All of these have slightly different approaches (and limitations and idiosyncracies) for making dovetails, all allow variable spacing. The Incra doesn't seem to be limited to making these joints and appears to be a more versatile device (I'd be able to retire the Oak-Park pieces mentioned earlier).

By the time one gets a jig and accessory plates, bits, etc., the price differential isn't that great for an Incra, and if possible I'd like to leverage to use the router table rather than handholding the router (a strong feature of the KatieJig)

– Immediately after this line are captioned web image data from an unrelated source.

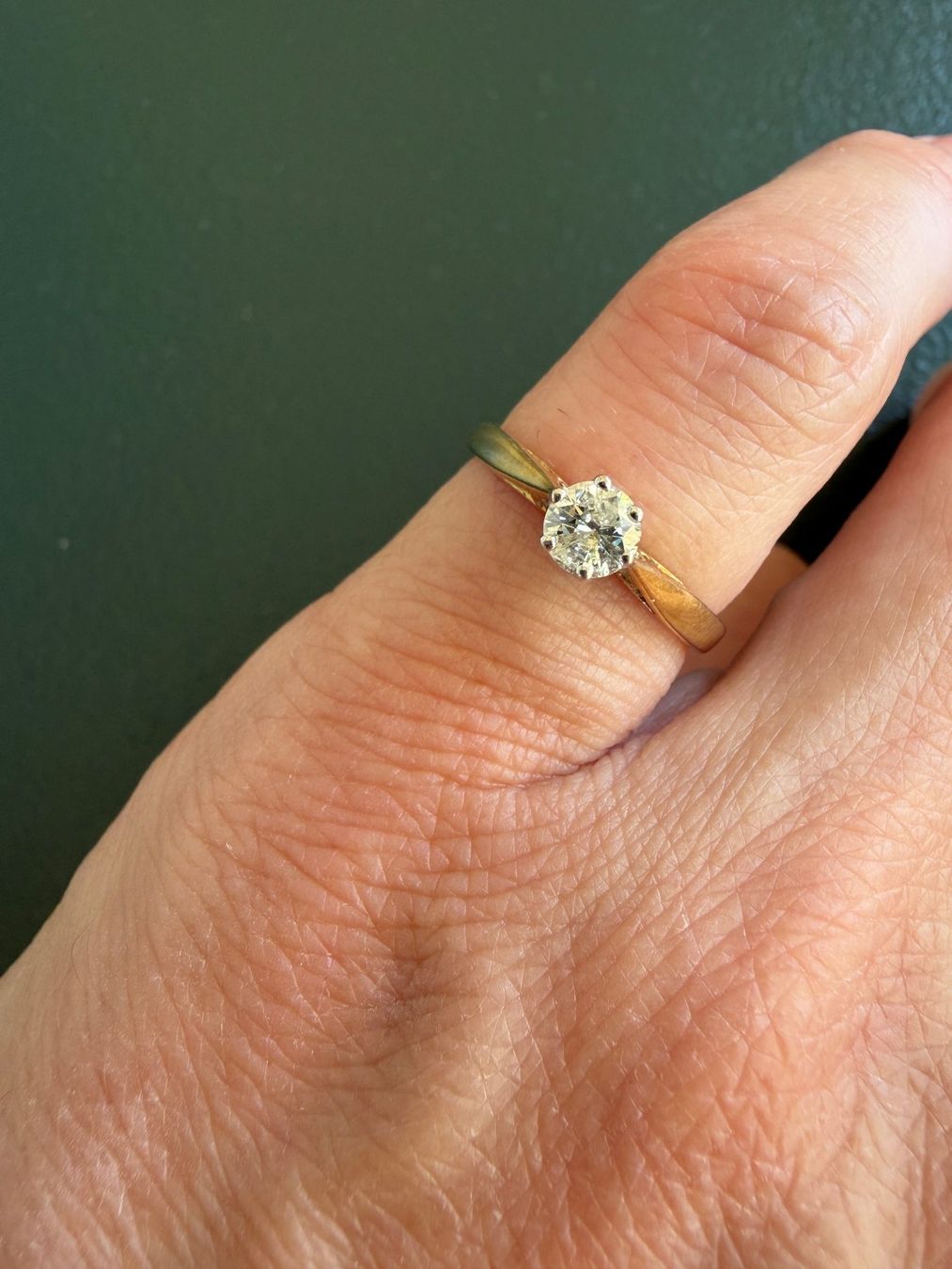 Anelli: 9 Karat Goldring mit Diamant – Usato da Bern venduto da ewi21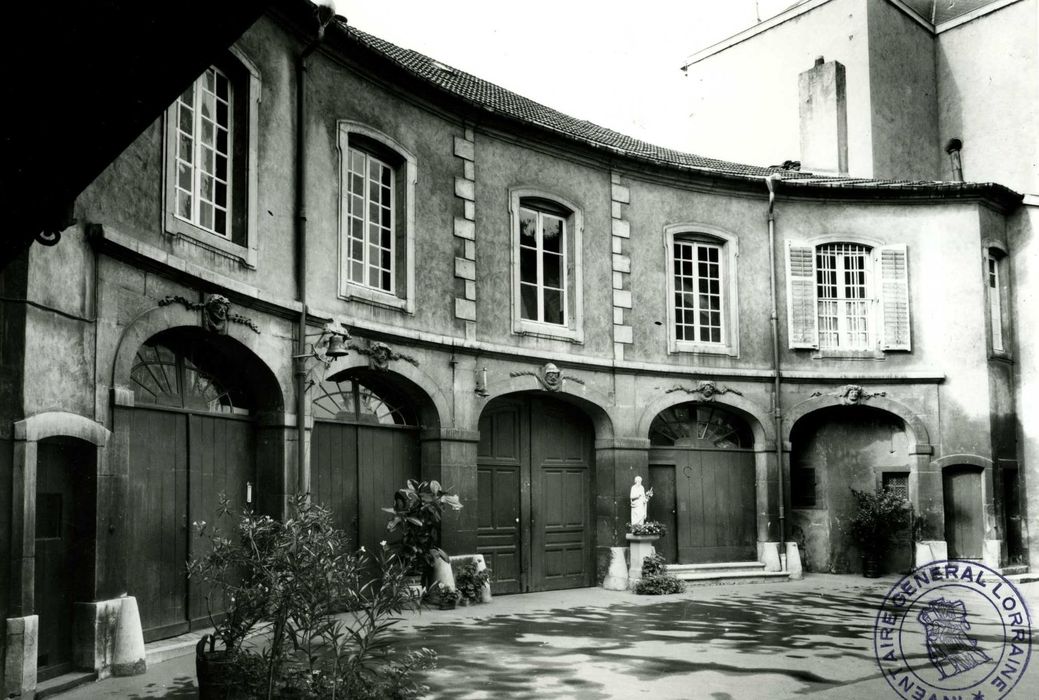 façade sur cour des communs, vue générale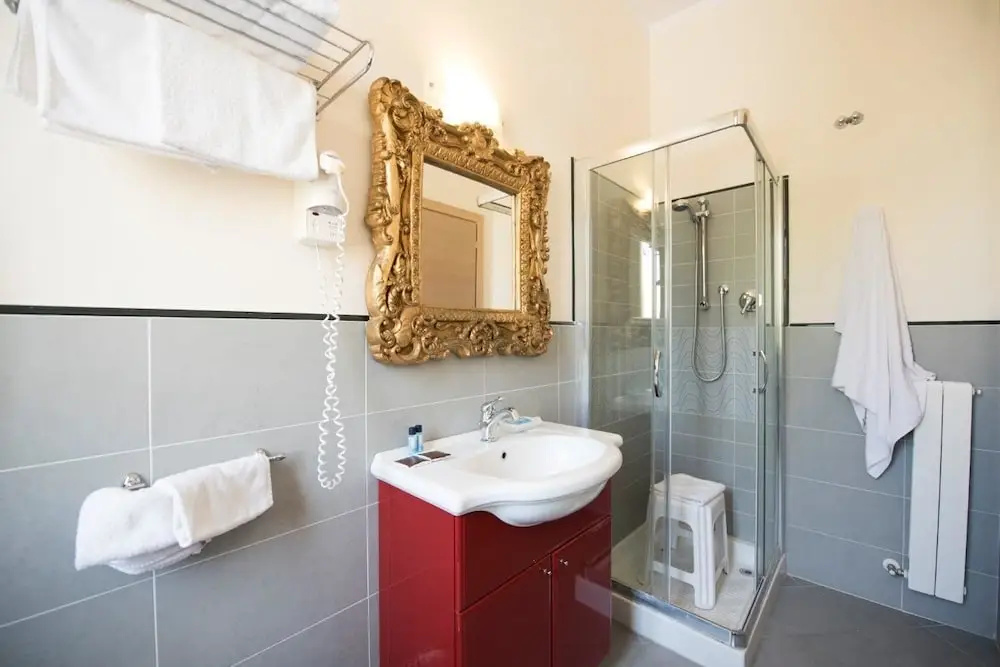Hotel Monica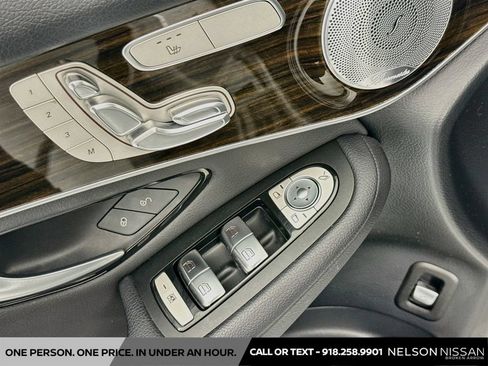 Used 2020 Mercedes-Benz GLC 300 image 18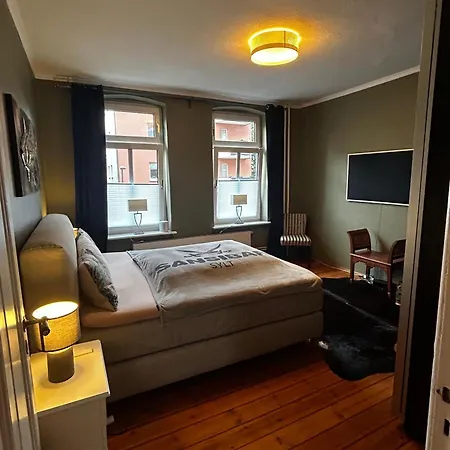 Stylischer Altbau Im Zentrum Apartment *
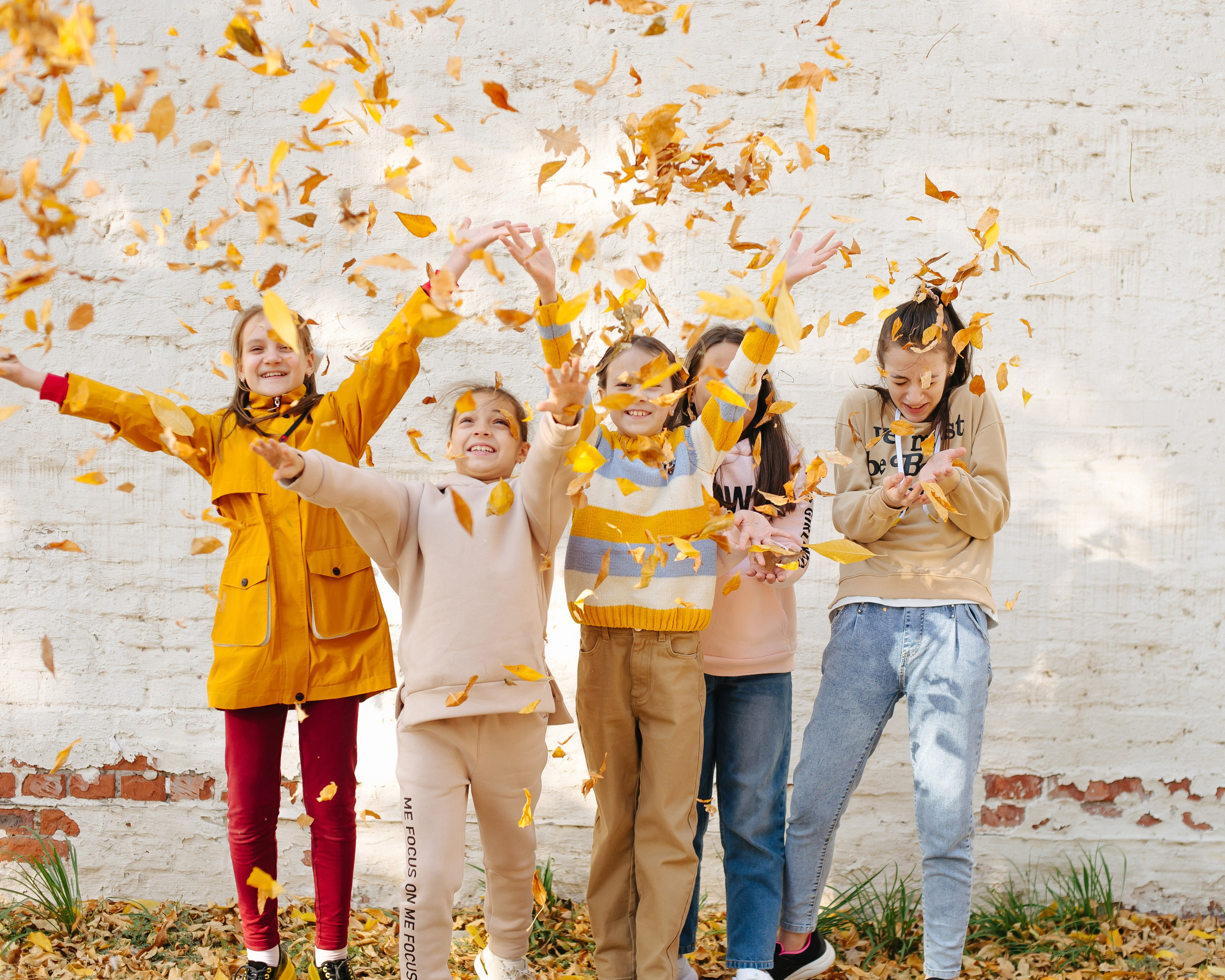 Выпускные альбомы со скидкой!. Выпускные альбомы в Москве и в Астрахани
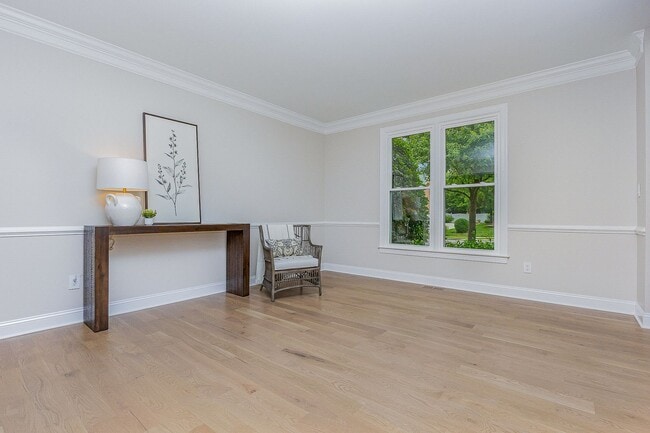 Building Photo - Stylish Renovation with Golf Course Views in a Prime Raleigh Location!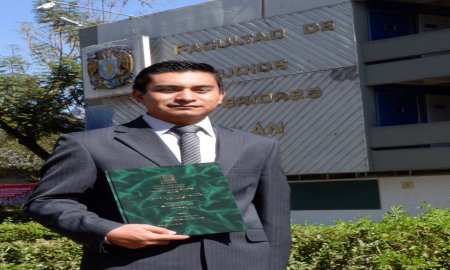 BECARIO NAHUA SE GRADÃšA DE INGENIERO EN LA FES ACATLÃN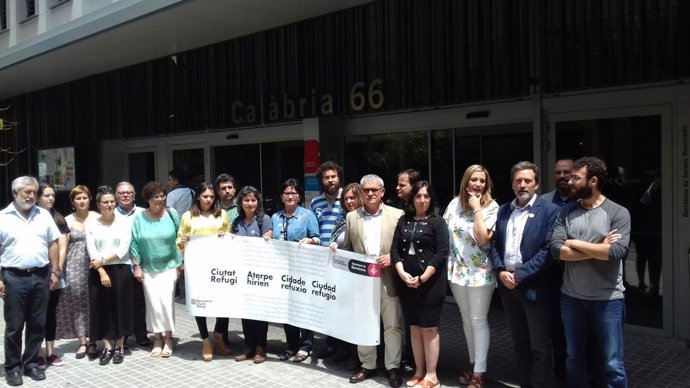 Participantes en las jornadas 'Ciudades Refugio' celebradas en Barcelona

So, what are your thoughts about the Incra LS vs the dedicated dovetail jigs.

Thanks in advance.


----------



## Timeman (Oct 3, 2008)

Hi there

I'm new here as well and I am just about to buy an Incra LS..

The main thing I have looked at is what you are saying about what you can and can not do with jigs.. And after looking reading and talking to others I can not see another thing on the market that beats this system..

Just goto youtube type in Incra LS and watch the video its just unreal.. its more than a box jointer 

Cheers from Noel


----------



## AlanZ (Aug 21, 2008)

Yup, I've watched all the videos <s>

It also seems that JoinTech.com has a direct competitor to Incra.
http://www.jointech.com/woodworking1.htm


----------



## RustyW (Dec 28, 2005)

Alan, keep an eye on Amazon.com. Their price on anything Incra varies greatly on a daily basis. I picked up a 16" Incra Ultra for $150 about 9 months ago. Anything you read about Incra makes it sound like you just slide in the template and start routing. But there is quite a learning curve. The first thing you will notice is bit size. The Incra is accurate to 1/1000", but your bit may be off by 5/1000", and the joint will not fit correctly. I recommend Whiteside bits. You can call them @ 1-800-225-3982. They can tell you which bits are made for the Incra, or they sell a set for all Incra joints.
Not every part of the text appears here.